Mutlu İnsanlar Daha Anlamlı Sohbetlere Sahiptir
Psikolog Matthias Mehl ve ekibi mutluluk ve derin sohbet arasındaki ilişkiyi araştırmak için yola çıktı. Dört gün boyunca her 12.5 dakikada bir 30 saniyelik ses kaydı yapan elektronik cihazı üniversite öğrencilerinin yakasına takarak yaptığı araştırması Psychological Science dergisinde yayınlandı. Böylelikle bir nevi öğrencilerin konuşan bir “günlüğünü” yapmış oldu.
Araştırmacılar konuşmaları yüzeysel sohbet (hava durumu, televizyon programı vs. hakkında konuşma) ve derin sohbet (felsefe, güncel olaylar vs.) olarak kategorilendirdi. Araştırmacılar belirli konuları otomatik olarak belirli bir şekilde etiketlememek için dikkatli davrandılar. Örneğin konuşmacılar bir televizyon programındaki karakterleri, motivasyonlarını vs. analiz ettiyse bu derin sohbet olarak kabul edildi.
Araştırmacılar üniversite öğrencilerinin konuşmalarının yaklaşık üçte birini derin sohbet olarak değerlendirirken, beşinci görüşmelerin yüzeysel bir konuşmadan oluştuğunu tespit ettiler.
Araştırmacılar aynı zamanda katılımcıların ne kadar mutlu olduklarını araştırdılar. Katılımcılardan Yaşam Memnuniyet raporu alıp, katılımcıların hayatındaki insanlardan da geribildirim aldılar.
Peki ya sonuçlar? Mehl ve ekibi en mutlu kişinin, en mutsuz kişiye göre konuşmalarında iki kat daha fazla derin sohbet ve üçte biri oranında yüzeysel sohbet yaptığını buldu. En mutlu insanın hemen hemen her konuşmasında yarısı -gündeki konuşmalarının yaklaşık yüzde 46’sı – derin sohbetlerdi.
En mutsuz kişinin ise sohbetlerinin sadece yüzde 22’si derin idi. Benzer şekilde yüzeysel sohbetler de en mutlu kişinin konuşmalarının sadece yüzde 10’unu oluşturuyordu.
Yüzeysel sohbet mutsuzluk mu demektir?
Mutluluk neden derin sohbet ile bağlantılıdır?
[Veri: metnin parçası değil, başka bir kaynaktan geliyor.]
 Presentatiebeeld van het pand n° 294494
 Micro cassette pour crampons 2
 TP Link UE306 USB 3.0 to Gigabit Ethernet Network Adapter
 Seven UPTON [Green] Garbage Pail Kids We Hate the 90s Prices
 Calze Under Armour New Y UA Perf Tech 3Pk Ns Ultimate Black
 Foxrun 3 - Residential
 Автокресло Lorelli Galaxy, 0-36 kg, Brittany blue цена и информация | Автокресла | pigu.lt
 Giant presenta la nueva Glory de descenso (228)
Bu konuda daha ileri araştırmalara ihtiyaç duyulmaktadır çünkü insanların mutlu oldukları için mi derin sohbetler yaptıkları yoksa derin sohbetler yaptıkları için mi mutlu oldukları açık değildir. Bununla birlikte bir şey açıktır; mutluluk ve derin sohbet etkileşimleri birlikte ele alınmaktadır.
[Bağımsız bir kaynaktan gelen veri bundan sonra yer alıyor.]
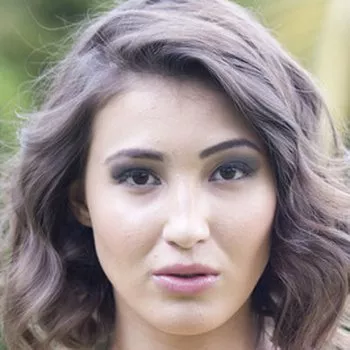 Pornstar April Storm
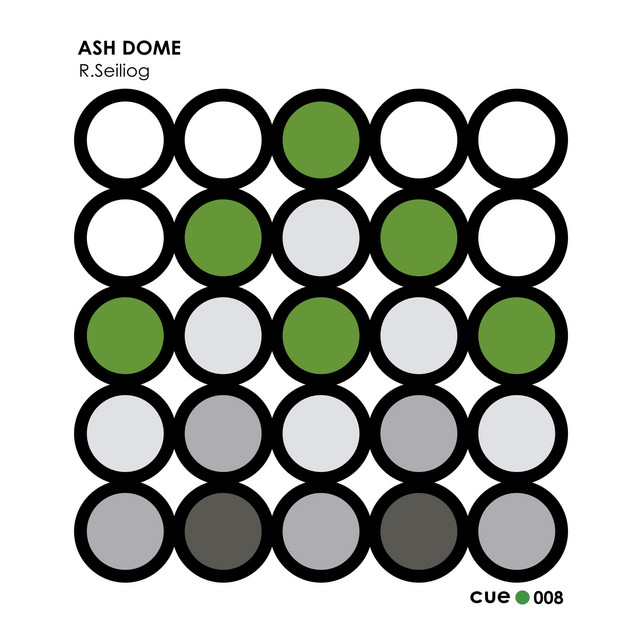 Ash Dome cover art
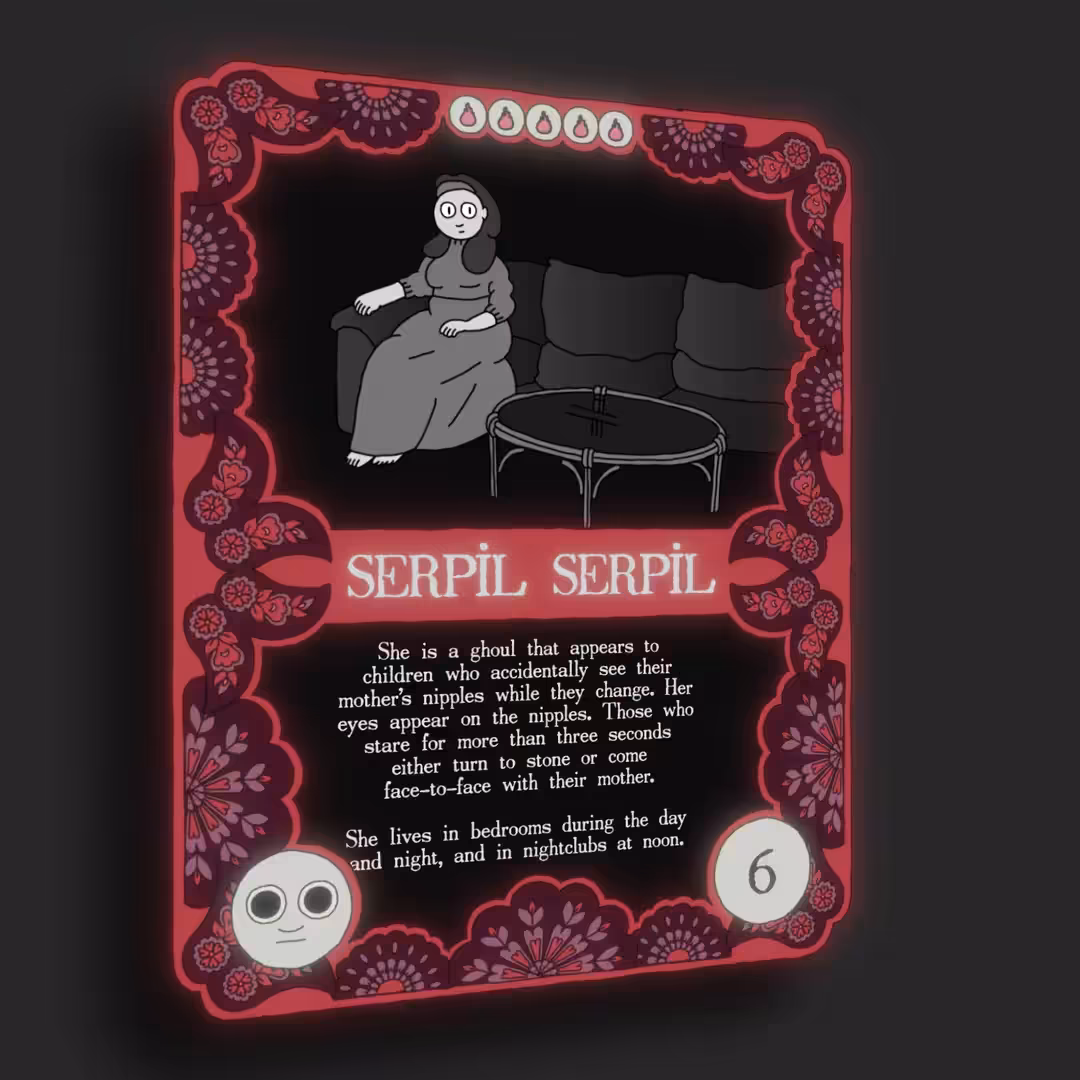 Serpil Serpil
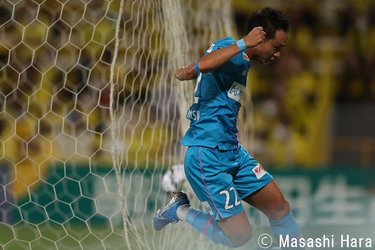 画像・写真：【J1分析】「8・25、鳥栖が迎える2位横浜F・マリノスとの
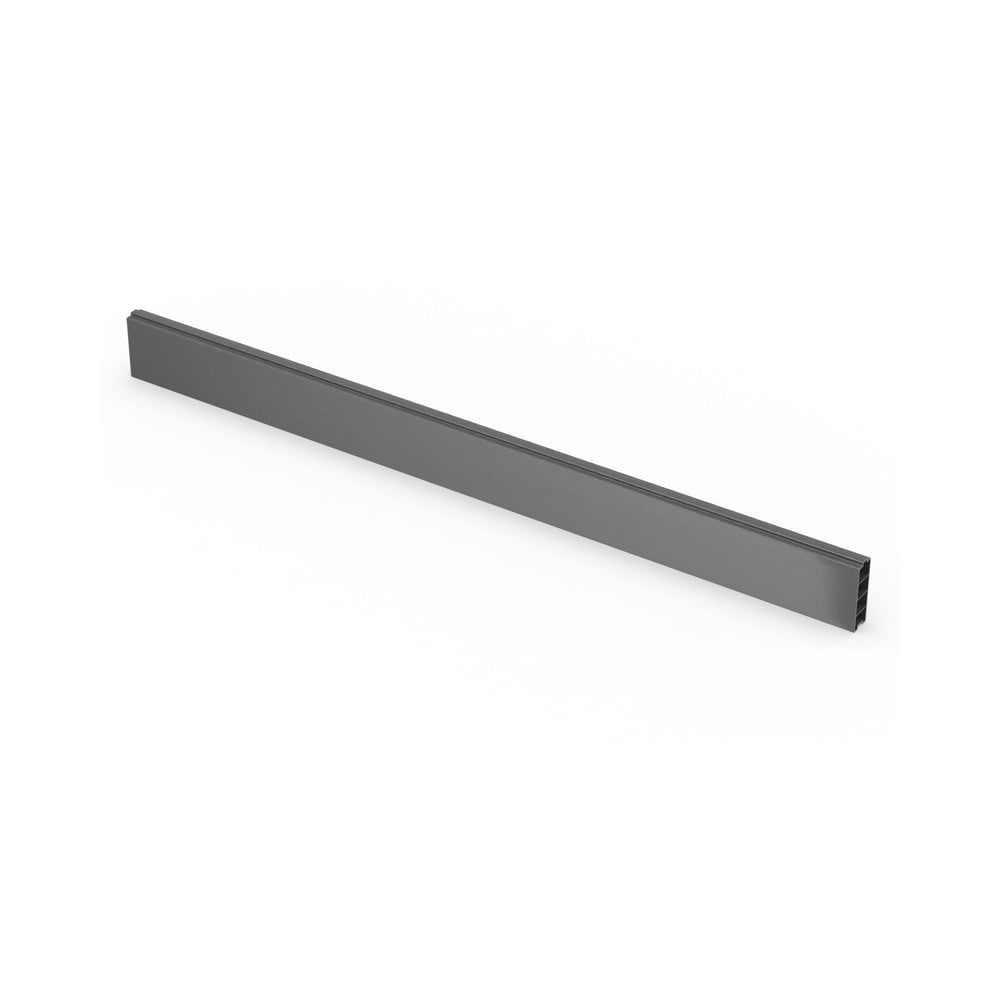 DuraPost Composite Gravel Board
Mehl, New York Times ile yaptığı bir röportajında mutluluğun neden derin sohbetlerle bağlantılı olduğunu düşündüğünü tartıştı. “İnsanlar hayatlarında anlam yaratmaya yönlendirilir ve derin sohbetler de buna yardım eder. Aynı zamanda insanlar -hem içe dönük hem de dışa dönük- başkalarıyla bağlantı kurmaya gerçekten ihtiyaç duyan sosyal hayvanlardır. Derin sohbetler birbirleriyle bağlantı kurarken, küçük sohbetler kurmaz” dedi.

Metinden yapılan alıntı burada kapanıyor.